J’avais une vision des terres du milieu héritée d’une trilogie apparemment déjà terriblement désuète. Issue d’une époque lointaine, donc, puisqu’on y filmait encore les décors du pays dans lequel on se rendait pour en capturer les paysages spécifiques (comprenez : pour les filmer), cette trilogie qui se voulait fédératrice malgré les concessions avait au moins le mérite de la cohérence.
Quant à diviser un conte pour enfants de moins de 500 pages (en V.O) en trois parties, exercice sinon cynique en tout cas forcément casse gueule, tous les connaisseurs vous le demanderont : mais quel est le fuck ?
Alors on tire par ci, on tire par là.
ON RAJOUTE UNE ROMANCE DE M…
Et on compte sur l’indulgence générale en faisant passer ça avec une excuse du genre « mais en fait c’est plus qu’une adaptation du Hobbit, c’est une introduction du Seigneur des anneaux », et aussi avec un peu de beurre et de la crème hydratante tu te l’introduis bien l’Hobbit dans l’anneau.
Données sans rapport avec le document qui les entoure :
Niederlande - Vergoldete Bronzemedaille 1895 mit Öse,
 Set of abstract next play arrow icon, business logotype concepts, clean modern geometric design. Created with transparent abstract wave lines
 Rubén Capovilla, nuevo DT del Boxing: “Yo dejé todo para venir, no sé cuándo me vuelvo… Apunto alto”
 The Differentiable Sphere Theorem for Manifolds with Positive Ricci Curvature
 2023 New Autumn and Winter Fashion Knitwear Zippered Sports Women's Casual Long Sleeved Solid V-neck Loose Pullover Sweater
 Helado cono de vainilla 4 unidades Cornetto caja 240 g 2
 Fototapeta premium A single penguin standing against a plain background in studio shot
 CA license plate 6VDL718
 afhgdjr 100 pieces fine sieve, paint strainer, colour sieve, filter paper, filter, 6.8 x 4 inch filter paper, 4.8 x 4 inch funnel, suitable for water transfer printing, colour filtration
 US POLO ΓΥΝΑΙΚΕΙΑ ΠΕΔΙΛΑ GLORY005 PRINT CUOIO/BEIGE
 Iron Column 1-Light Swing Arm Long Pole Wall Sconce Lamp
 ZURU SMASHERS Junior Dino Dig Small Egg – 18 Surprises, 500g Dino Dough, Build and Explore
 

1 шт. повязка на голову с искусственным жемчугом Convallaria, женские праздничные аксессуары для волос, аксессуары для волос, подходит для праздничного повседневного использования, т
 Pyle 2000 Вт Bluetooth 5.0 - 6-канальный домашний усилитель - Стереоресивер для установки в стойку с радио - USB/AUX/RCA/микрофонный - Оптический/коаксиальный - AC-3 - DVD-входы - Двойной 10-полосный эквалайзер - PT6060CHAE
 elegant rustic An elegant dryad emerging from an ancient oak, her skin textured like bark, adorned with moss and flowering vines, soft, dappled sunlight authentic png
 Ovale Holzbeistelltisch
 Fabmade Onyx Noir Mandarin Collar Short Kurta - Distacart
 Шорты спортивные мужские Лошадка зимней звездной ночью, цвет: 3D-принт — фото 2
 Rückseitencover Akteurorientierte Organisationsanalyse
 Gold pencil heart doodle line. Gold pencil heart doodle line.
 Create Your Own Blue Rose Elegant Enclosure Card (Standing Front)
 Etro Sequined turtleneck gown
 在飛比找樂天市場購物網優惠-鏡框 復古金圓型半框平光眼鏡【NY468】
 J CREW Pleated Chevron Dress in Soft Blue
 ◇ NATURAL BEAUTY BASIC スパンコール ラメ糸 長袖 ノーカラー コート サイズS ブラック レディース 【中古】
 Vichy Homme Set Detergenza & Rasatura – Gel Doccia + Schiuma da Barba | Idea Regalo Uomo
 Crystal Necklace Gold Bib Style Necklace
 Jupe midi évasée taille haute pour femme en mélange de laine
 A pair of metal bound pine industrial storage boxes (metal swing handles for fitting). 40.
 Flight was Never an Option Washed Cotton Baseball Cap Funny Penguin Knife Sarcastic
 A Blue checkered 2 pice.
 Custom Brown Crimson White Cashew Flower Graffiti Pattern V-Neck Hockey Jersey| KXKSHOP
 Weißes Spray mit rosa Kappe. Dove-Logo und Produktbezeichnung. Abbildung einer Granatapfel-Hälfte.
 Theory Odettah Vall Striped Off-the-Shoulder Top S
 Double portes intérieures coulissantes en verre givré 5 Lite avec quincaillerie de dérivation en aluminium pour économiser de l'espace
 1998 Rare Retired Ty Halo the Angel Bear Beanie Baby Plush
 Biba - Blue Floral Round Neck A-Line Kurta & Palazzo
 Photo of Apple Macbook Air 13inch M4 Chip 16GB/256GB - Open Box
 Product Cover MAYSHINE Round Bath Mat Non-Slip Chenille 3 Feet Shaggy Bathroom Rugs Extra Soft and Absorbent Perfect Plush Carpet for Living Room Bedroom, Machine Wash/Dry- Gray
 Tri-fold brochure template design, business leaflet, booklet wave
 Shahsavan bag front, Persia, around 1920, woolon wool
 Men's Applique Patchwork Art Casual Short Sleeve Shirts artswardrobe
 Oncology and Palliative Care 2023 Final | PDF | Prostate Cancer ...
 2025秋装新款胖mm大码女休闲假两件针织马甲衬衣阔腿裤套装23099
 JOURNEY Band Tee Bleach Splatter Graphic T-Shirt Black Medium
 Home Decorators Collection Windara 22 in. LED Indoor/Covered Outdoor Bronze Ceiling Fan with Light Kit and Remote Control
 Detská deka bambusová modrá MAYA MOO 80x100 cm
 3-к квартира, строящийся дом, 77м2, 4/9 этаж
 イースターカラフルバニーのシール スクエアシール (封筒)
Alors voilà, c’est au terme d’un terne voyage retour sur les terres du Milieu que je dresse le bilan suivant :
Je suis un pauvre con.
Oui. Je me rends maintenant compte qu’avoir donné un 6 au premier volet de la trilogie qui nous intéresse ici n’était motivé que par une nostalgie finalement condamnable. Deux films plus tard, le même constat vésalgique. Toujours ce procédé HFR (Hautement Falsifié Rendu) qui te fait exploser l’artificialité du médium en pleine poire alors que tu viens pour échapper à ton 21ème siècle moribond, toujours cette 3D dispensable mais surtaxée, et toute cette bouillie numérique dont la signature visuelle donne l’impression de jouer à WOW dans son salon.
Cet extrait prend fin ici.